Using "raw" - the Excel and Open Office files spawn a download without over-writing the document in the open tab. That is a helpful result. However, at least in Firefox the CSV replaces the "calling" document, displays the CSV, and doesn't download anything. I think this might be confusing for some users, in particular those we are aiming for with DCTAP. It requires them to save the contents of the Firefox tab then return to the original document.

All I know about "Content disposition" is what I have just quickly scanned from the link you provided. ;-) Unless you explain otherwise I will assume that isn't something we can easily add to the documents on the DC site. This does, however, look like it would implement something like my desired outcome:

Content-Type: text/html; charset=utf-8
Content-Disposition: attachment; filename="cool.html"
Content-Length: 21

<HTML>Save me!</HTML>

I want to add links throughout the Primer (if no one objects) so that readers can download individual examples that are there. That will mean a lot more of these small files, but we can just make a directory in github for them.

I'd be 90% happy if we could also get the CSV to work as a download, and am open to ideas. I would be 100% happy if we could have an "Open in Google Sheets" link, but I fear that would go beyond what we do on the DC site. I suppose one option for the CSV would be to bundle up all of the CSV template and example files into a ZIP file, but I really would like readers to be able to zero in easily on the specific table they are interested in.

For now I'm going to go with using "raw" which at least gets a good result for 2 out of the 3 file types. All other ideas very much welcome, but we mustn't complicate things uncomfortably. Good enough is good enough.

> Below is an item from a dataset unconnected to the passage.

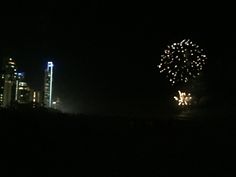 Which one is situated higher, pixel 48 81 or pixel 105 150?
pixel 48 81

nishad commented 1 year ago

@kcoyle I apologize for not fully grasping the entire issue, and I recognize that I might not convey it effectively.

To address this, I've taken the following steps:

  1. Assumed that all template files are designated as STABLE.
  2. Merged all STABLE files onto the DCMI website.
  3. Updated the template links on both the DCTAP specification^1 and elements^2 pages.
nishad commented 1 year ago

@kcoyle,

Please refrain from using raw.githubusercontent.com for DCMI public webpages, unless there's a compelling reason. Beyond the mime-type issues, I'm able to set up cross-origin permissions for dcmi.github.io. However, extending these permissions to raw.githubusercontent.com introduces a security vulnerability. While raw.githubusercontent.com can potentially serve files from any malicious repository, dcmi.github.io strictly serves files from repositories within the DCMI organization, ensuring a higher level of security.

For internal linking and discussions, such as referencing a markdown file, feel free to use raw.githubusercontent.com. Remember, dcmi.github.io/dctap will render markdown files as HTML.

I've confirmed the proper functioning of the dcmi.github.io/dctap links:

It's worth noting that many browsers recognize https://dcmi.github.io links based on their mime-type. As a result, most non-text/html files will prompt a download.

kcoyle commented 1 year ago

@nishad Thank you for all of your work on this. I will use github.io for the links.

I'm unsure what I can do with the "stable" template files. Can those be used with my proposed HTML link with download?

Here's my proposal:

A future task:

p.s. The Primer document has other edits that would be included in the web site update

nishad commented 1 year ago

@kcoyle When we refer to files as "Stable," it means they're no longer directly editable. You won't be able to modify them on GitHub as you've been doing. To update these files, you'll need to coordinate with the web manager to replace them.

I believe points 1 and 2 have already been addressed, as I highlighted in https://github.com/dcmi/dctap/issues/96#issuecomment-1676782175. Please review those links; the files are set up for download. If this isn't what you had in mind, then I might have misunderstood the core issue.

Regarding point 3: You can handle this directly on GitHub. Once the document reaches its "Stable" status, we can transfer it to the main website. I'll also relocate the linked files, as demonstrated in https://github.com/dcmi/dctap/issues/96#issuecomment-1676782175.

Please make any necessary edits and provide an updated version if you wish to make changes to already published documents.